Gli spettatori non hanno resistito a lungo inchiodati alle poltroncine. La musica
del ministro di Lula ha pian piano conquistato tutti, trascinando menti e cuori.
Il finale è stato un tripudio di balli improvvisati. Tutti in piedi, trasportati
dai ritmi di birimbao (o berimbau), percussioni, chitarre e fisarmonica.

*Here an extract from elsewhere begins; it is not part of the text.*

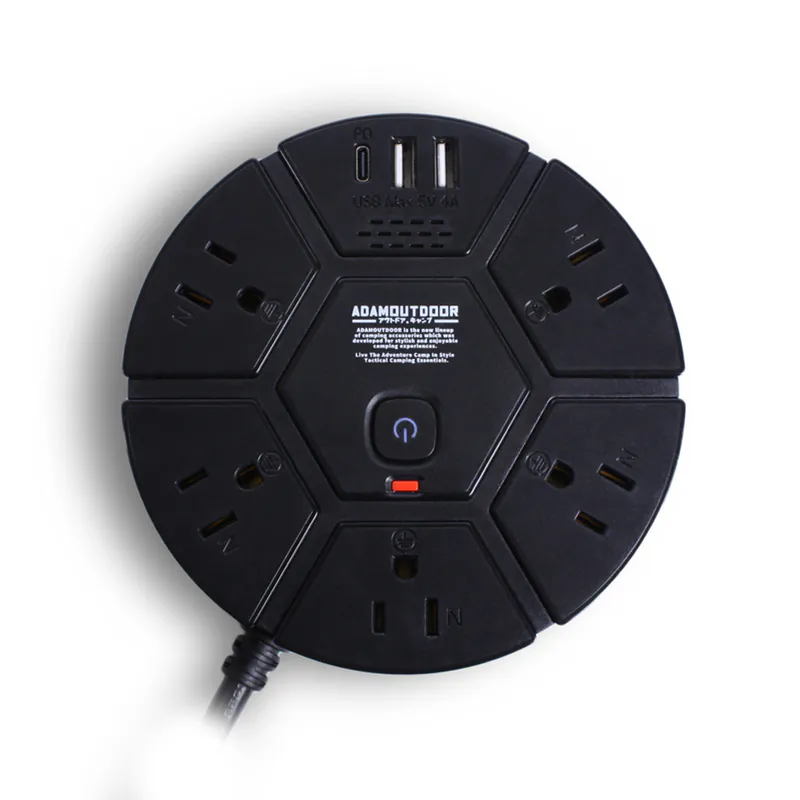 ADAMOUTDOOR｜ 5座USB/PD延長線 1.8M 黑色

Lo spirito bahiano. “Faccio il ministro undici mesi all’anno e per un mese indosso i panni del musicista
e canto, suono, ballo con la mia band. Tutto questo a discapito, certo, della
mia musica. Il tempo dei compositori è tiranno. Sono ormai due anni e mezzo che
non compongo una nuova canzone, ahimè, ma il mio impegno politico con Lula è talmente
coinvolgente, appagante, che sono felice così”, ha continuato Gil, vero e proprio
idolo per i brasiliani e in particolare per i bahiani. Gilberto Gil è infatti
nato 63 anni fa a Salvador, la capitale dello stato di Bahia, dove monumenti
e strade lo richiamano, lo invocano, lo ricordano a ogni passante. Gil, protagonista
del rinnovamento musicale del suo Paese, è colui che ha dato il via insieme a
Caetano Veloso alla nascita del "tropicalismo", movimento che partiva dalla bossa
nova di Joao Gilberto e Antonio Carlos Jobim per recuperare tratti della musica
popolare bahiana e di altri linguaggi dell’intero Nord-est. La sua è una carriera
eccezionale, dallo stile in continua mutazione. Ha ottenuto undici dischi d’oro,
cinque dischi di platino e i suoi album hanno venduto più di cinque milioni di
copie. Ma quel che più conta è che Gil è il simbolo del riscatto del negro, è l’emblema dell’afrodiscendente che parla di uguaglianza, di pace, di solidarietà.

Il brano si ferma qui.